What you are asked to do
The expected output is an exact copy of the lines from the one containing "2016 Model X 90D — миниатюра 17" to the final line below, minus any pictures.

*** Supplied material Section Begins ***

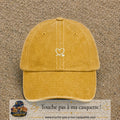 Image principale produit30petitJ - casquette Jaune délavé - Moutarde délavé avec visuel Cœur continu blanc 3 cm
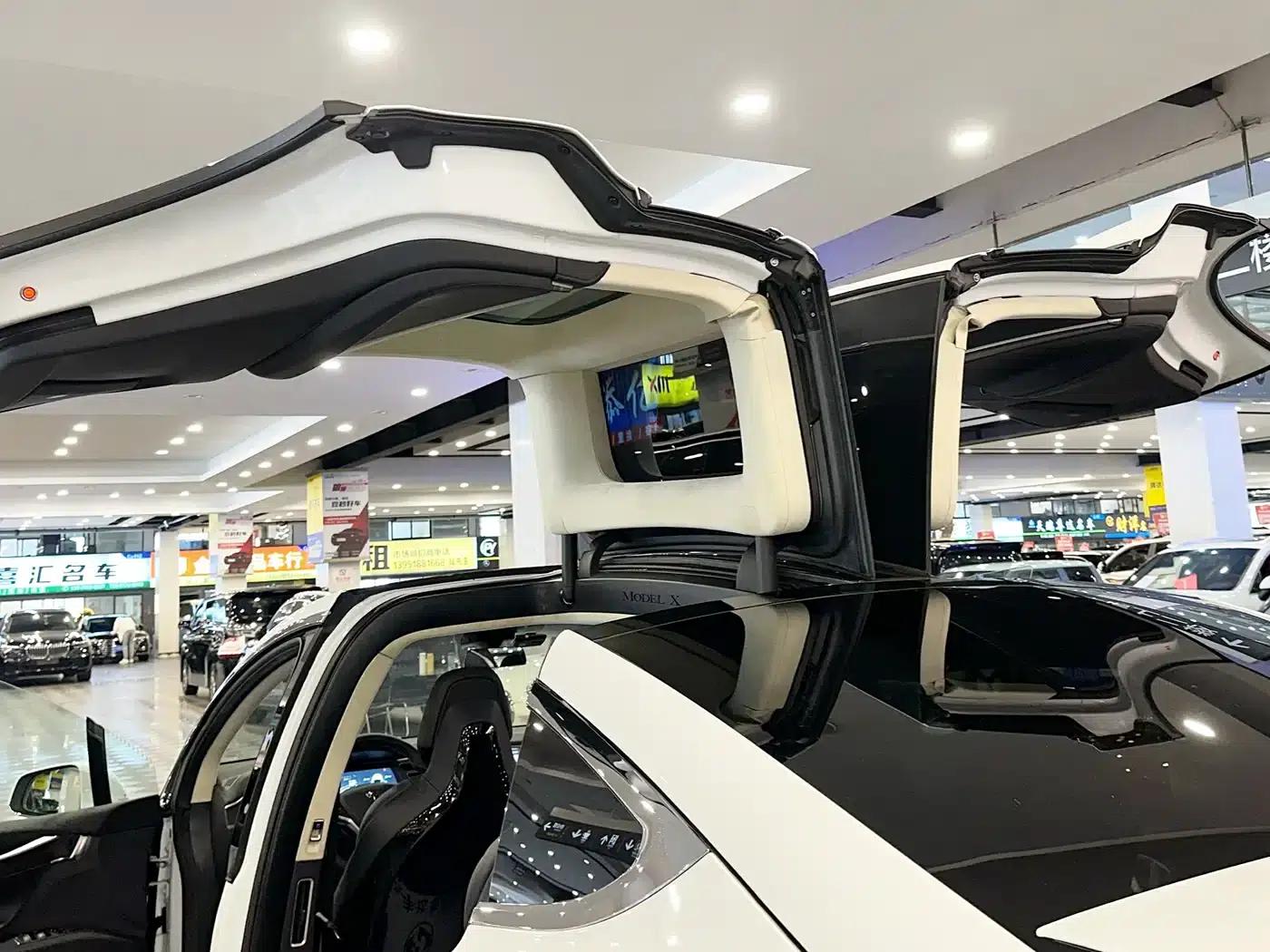 2016 Model X 90D — миниатюра 17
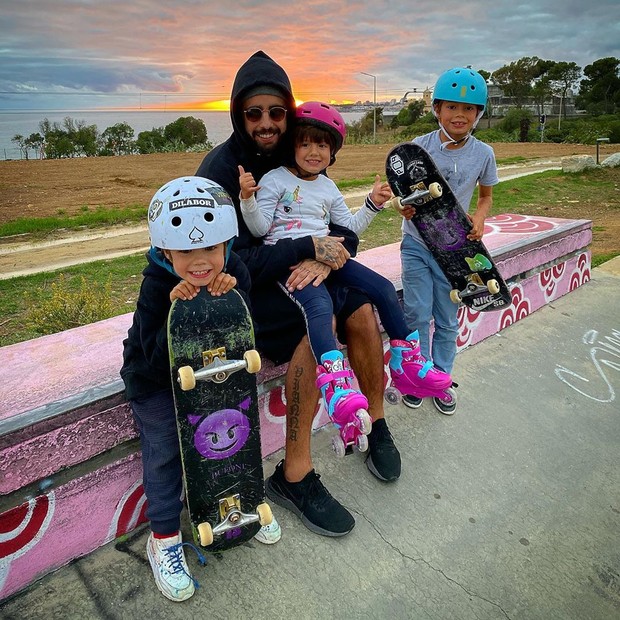 Pedro Scooby com os filhos (Foto: Reprodução/Instagram)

*** Supplied material Section Ends ***

Exercise answer
 2016 Model X 90D — миниатюра 17
 Pedro Scooby com os filhos (Foto: Reprodução/Instagram)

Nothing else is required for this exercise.